Continuities and Changes in the Islamic World
The Islamic world has changed as the Abbasid dynasty declined over time, due to the decreasing power of Islam’s caliphs and the political instability brought on by foreign invasions.
However these changes did not affect Islam’s migration to other territories, bringing its Golden age inventions, religion and culture. Through the 8-13th centuries the Islamic world has owed its many continuities and changes to religion, cultural diffusion, foreign invasions, and educational achievements. Although the previous centuries were shown to be the rise of Islam’s Abbasid dynasty, the 8-13th centuries C.E. are proved to be its decline beginning with the civil wars over succession brought on by the caliph’s, Harun al-Rashid, death.
This in turn caused violent social unrest and the imperial breakdown of the Abbasid dynasty.
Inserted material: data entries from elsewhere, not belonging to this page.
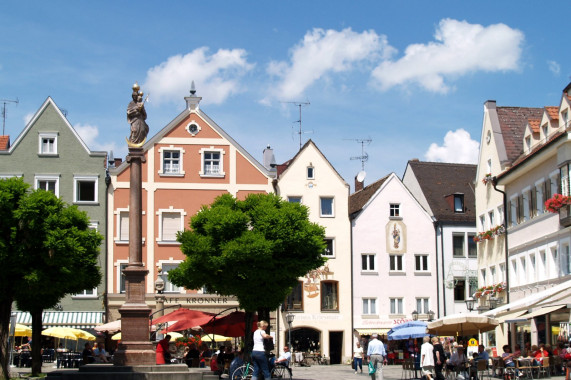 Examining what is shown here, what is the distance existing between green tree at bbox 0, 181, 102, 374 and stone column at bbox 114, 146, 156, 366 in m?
5.46

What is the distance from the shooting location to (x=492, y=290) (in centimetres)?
4697

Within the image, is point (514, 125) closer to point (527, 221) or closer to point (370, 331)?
point (527, 221)

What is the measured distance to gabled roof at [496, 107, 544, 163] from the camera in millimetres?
47250

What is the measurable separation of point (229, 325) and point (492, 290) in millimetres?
16020

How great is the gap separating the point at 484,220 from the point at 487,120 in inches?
217

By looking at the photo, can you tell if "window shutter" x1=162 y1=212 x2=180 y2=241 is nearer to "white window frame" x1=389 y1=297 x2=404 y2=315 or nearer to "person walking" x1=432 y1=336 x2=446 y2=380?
"white window frame" x1=389 y1=297 x2=404 y2=315

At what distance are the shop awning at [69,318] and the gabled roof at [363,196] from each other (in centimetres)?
1780

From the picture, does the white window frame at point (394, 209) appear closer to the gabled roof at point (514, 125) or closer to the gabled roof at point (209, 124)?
the gabled roof at point (209, 124)

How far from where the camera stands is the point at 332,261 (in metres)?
57.1

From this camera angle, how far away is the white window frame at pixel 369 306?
57.4m

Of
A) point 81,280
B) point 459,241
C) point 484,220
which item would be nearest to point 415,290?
point 459,241

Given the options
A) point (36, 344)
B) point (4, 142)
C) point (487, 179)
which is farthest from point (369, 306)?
point (36, 344)

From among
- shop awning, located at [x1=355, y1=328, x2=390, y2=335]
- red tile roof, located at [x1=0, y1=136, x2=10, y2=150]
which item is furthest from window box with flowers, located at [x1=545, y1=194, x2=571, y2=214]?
red tile roof, located at [x1=0, y1=136, x2=10, y2=150]

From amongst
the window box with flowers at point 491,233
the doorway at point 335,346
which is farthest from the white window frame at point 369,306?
the window box with flowers at point 491,233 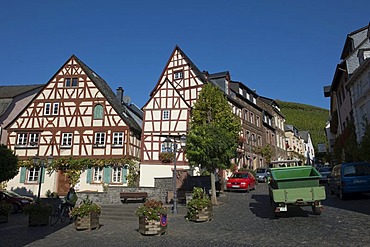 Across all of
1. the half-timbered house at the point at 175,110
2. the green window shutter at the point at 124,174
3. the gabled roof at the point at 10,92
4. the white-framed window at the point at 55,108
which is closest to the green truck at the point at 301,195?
the half-timbered house at the point at 175,110

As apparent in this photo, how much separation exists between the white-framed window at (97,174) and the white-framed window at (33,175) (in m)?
5.22

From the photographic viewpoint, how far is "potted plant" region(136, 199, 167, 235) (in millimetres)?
10750

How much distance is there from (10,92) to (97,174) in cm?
1728

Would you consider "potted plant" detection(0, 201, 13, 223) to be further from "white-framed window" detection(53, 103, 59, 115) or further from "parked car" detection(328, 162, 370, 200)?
"parked car" detection(328, 162, 370, 200)

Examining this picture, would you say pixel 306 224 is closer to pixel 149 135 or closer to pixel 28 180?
pixel 149 135

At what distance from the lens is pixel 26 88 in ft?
129

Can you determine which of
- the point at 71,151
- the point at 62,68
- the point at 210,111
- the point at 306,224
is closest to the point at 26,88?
the point at 62,68

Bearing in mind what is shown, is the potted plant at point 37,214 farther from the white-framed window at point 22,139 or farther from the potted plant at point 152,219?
the white-framed window at point 22,139

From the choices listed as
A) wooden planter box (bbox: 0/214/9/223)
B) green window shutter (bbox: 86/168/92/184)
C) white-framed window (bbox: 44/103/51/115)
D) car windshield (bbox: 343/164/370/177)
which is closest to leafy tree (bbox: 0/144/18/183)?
wooden planter box (bbox: 0/214/9/223)

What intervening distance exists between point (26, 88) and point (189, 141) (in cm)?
2895

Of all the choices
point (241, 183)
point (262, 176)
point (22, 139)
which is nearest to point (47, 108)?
point (22, 139)

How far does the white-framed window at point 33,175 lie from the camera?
29.2 meters

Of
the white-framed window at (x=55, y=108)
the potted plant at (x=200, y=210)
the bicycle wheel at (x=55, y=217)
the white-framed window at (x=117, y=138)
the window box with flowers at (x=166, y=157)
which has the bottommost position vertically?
the bicycle wheel at (x=55, y=217)

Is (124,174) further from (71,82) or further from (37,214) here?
(37,214) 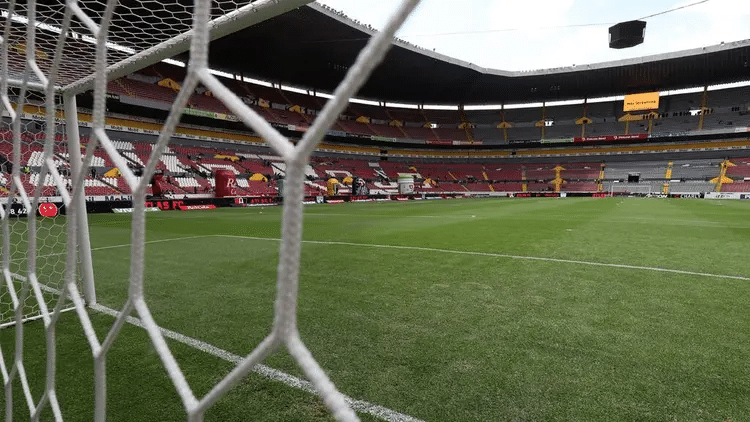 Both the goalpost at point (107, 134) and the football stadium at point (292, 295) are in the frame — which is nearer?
the goalpost at point (107, 134)

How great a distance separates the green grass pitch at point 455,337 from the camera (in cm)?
170

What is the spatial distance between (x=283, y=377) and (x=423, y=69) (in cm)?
2912

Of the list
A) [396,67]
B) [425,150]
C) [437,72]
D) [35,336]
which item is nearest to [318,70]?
[396,67]

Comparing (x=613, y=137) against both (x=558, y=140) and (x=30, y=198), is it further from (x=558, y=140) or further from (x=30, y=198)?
(x=30, y=198)

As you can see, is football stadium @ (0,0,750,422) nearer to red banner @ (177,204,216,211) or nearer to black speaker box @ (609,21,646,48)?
red banner @ (177,204,216,211)

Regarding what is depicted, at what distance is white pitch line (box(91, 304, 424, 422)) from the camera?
161 centimetres

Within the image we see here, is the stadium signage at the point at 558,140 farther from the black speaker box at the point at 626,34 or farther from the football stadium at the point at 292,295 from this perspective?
the football stadium at the point at 292,295

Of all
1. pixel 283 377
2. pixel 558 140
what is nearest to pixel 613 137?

Around the mid-10th century independent kingdoms were becoming the new provinces of the warring Buyids of Persia, who caused the caliphs to lose their political power and caused them to act like controlled puppets for the Buyids family and others. In addition, at the end of the 10th century Christian crusaders came bringing a political battle over the right for the Holy Land that would late until the 12th century. Furthermore, another change occurred around 1055 when nomadic invaders from central Asia, the Turks, came into Islam and took control from the Buyids, along with laying the beginning foundation of the Ottoman Empire. More invasions were seen later in the 10th and 11 centuries bringing the Mongols and the end of the Caliphate to Islam. However, through all the political disorder, the growth and prosperity of Islam continued bringing new achievements in the arts and sciences and a thriving economy.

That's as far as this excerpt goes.